Raw data Start Marker

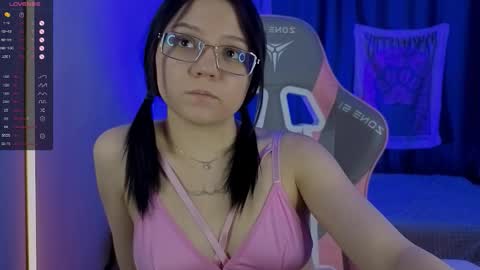 Snapshot of emmablazee chatting on October 2025 07:42:02 AM Emma online show from October 2025 07:42:02 AM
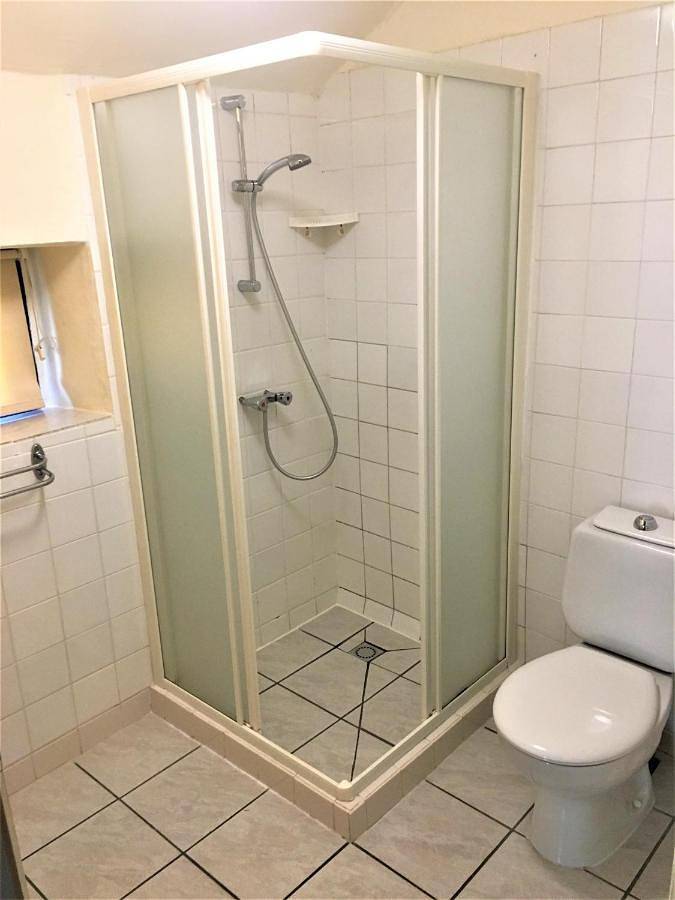 Location de vacances pour 6 personnes, avec jardin et piscine à Lafarre - 2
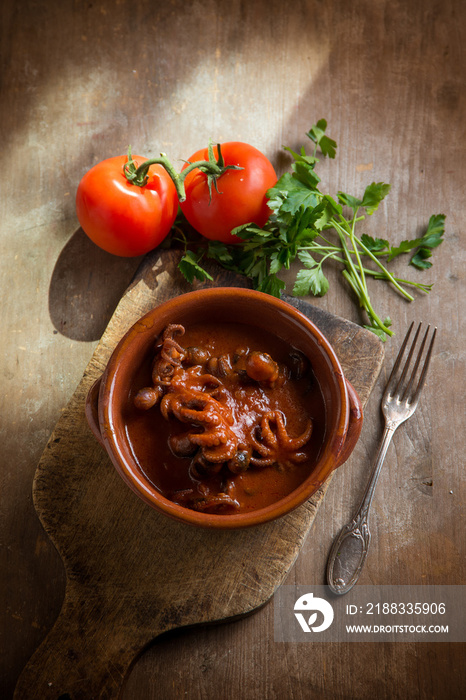 musky otopus with tomato sauce and parsley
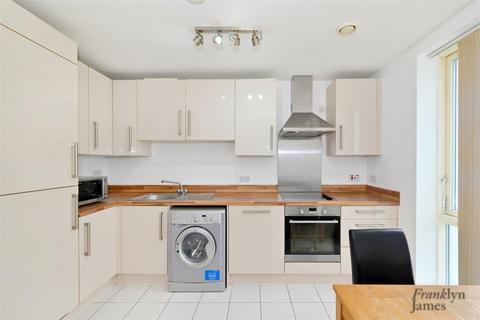 3 bedroom apartment to rent, Lonsdale House, Equinox Square, E14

Raw data End Marker

## Your instructions:
The task calls for every line of the data to be returned exactly, without pictures.

## Solution to the problem:
 Snapshot of emmablazee chatting on October 2025 07:42:02 AM Emma online show from October 2025 07:42:02 AM
 Location de vacances pour 6 personnes, avec jardin et piscine à Lafarre - 2
 musky otopus with tomato sauce and parsley
 3 bedroom apartment to rent, Lonsdale House, Equinox Square, E14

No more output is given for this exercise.